Although one study previously investigated the expression of NIS in children and adolescents, no significant difference in NIS expression was found between benign and malignant thyroid tumors [17]. Though no difference was found between benign and malignant tumors, because the overall recurrence risk was increased for tumors that had undetectable NIS expression, the authors suggested that NIS expression is a favorable prognostic indicator for DTC in children and adolescents [17]. Although these results appear to be in contrast with ours, in the former study, the expression of NIS in the malignant tumor was compared to benign lesions as a substitute of normal thyroid. In the present study the expression of NIS in malignant tumors was compared to its expression in normal thyroid. That is essential, as previous studies have demonstrated that NIS expression was lower in benign thyroid lesion compared to normal thyroid tissue [28, 29]. Additionally, the authors studied patients up to 21 years of age and only 2 cases under the age of 10. Hence, no comparison was made between children and adolescents. Remarkably, NIS expression was not detected in these patients under the age of 10 [17].

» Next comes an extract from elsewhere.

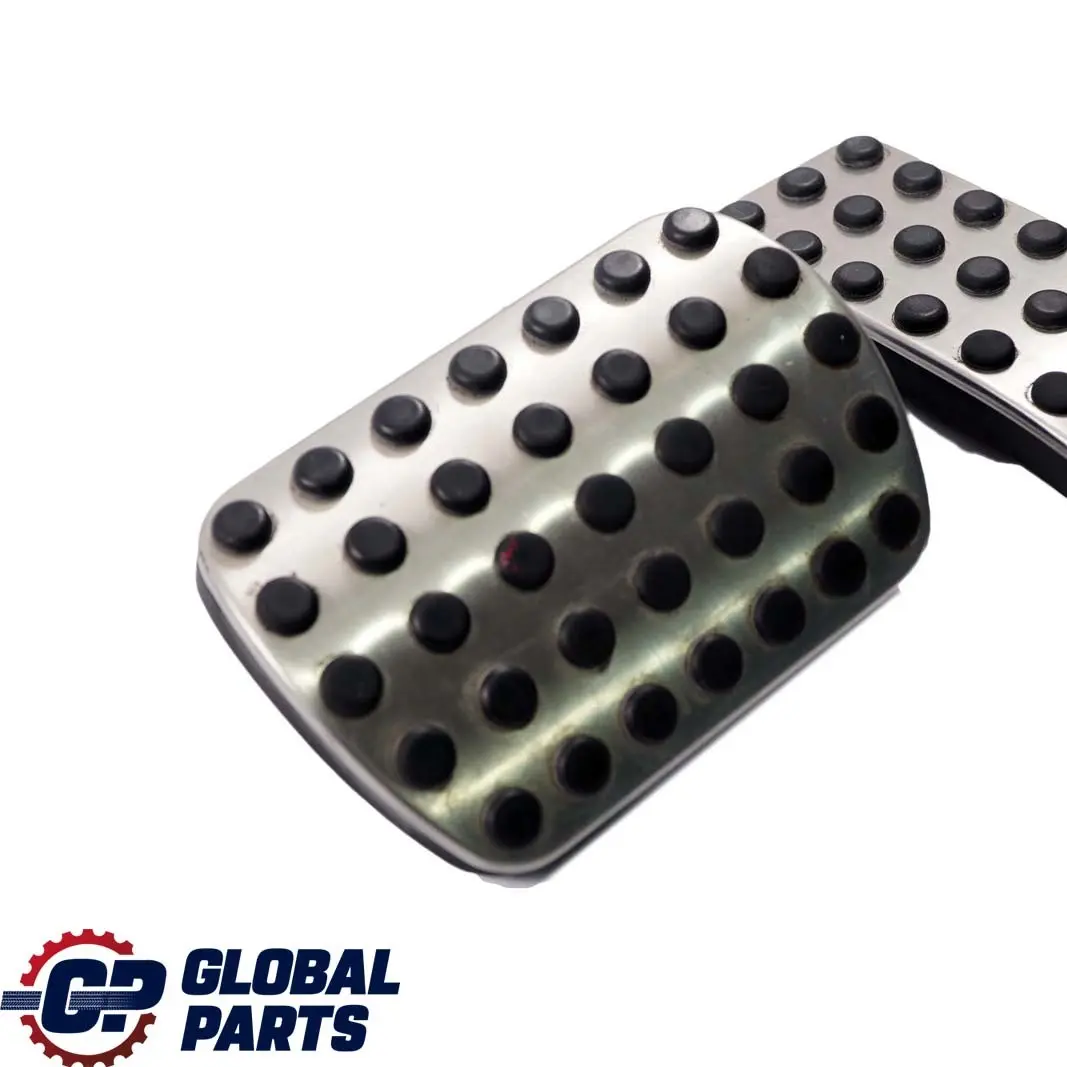 Mercedes-Benz A B Class W169 W245 Accelerator Throttle Brake Metal Pedal Set  - SKU A1693000082 - Part number A1693000082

Another study suggested that the expression of PDS, TPO, and TSHR mRNA is higher in the pediatric group (5–21 years) compared to adults (22–59 years). Nevertheless, among the 15 pediatric patients, only 3 cases were under 10 years of age, and there was no specific information regarding the expression of iodine-metabolizing genes in these patients [16].

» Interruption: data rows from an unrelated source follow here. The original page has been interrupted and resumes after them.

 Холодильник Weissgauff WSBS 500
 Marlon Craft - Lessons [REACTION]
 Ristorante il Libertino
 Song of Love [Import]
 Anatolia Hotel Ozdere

As in our study the expression of NIS, PDS, and TSHR was significantly different between children and adolescents; the premise that the expression of iodine-metabolizing genes is higher in all DTC from pediatric patients than in DTC from adults might not be entirely true and seems too oversimplified. The differences observed among children and adolescents in the present study, at molecular level, may explain the striking differences reported within the pediatric group in terms of the clinical and pathological features.

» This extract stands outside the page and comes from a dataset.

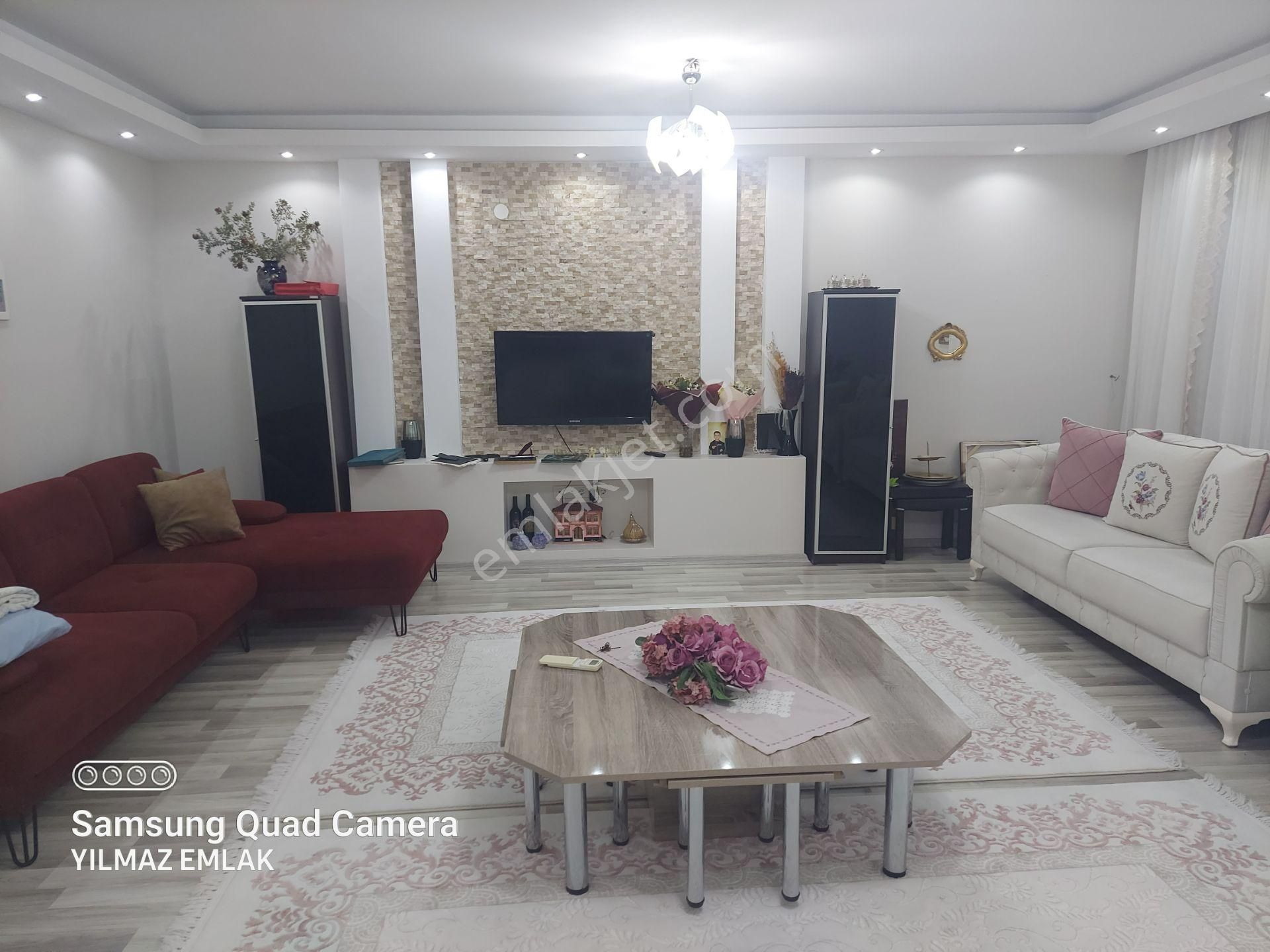 Dallıca Mahallesinde Satılık Dublex Doğalgazlı Villa - Görsel 5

To help to clarify the issue whether the level of expression of iodide-metabolizing genes in children and adolescents differs from that of adults, we next compared the expression of NIS, PDS, and TSHR, which were found differentially expressed between children and adolescents, with their expression in adult population. We found that the expression of NIS is comparable in tumors from children and adults. Most significantly, the expression of NIS was higher in tumor from adolescents compared with children and adults. PDS and TSHR expression were even lower in children than in adolescents and adults. The higher expression of NIS, PDS, and TSHR in adolescents suggested a greater degree of differentiation of thyroid carcinomas in this age group. The opposite is also true, that is, lower expression of this thyroid-specific genes may indicate a lower grade of tumor differentiation and, therefore, a more aggressive thyroid tumor behavior in children.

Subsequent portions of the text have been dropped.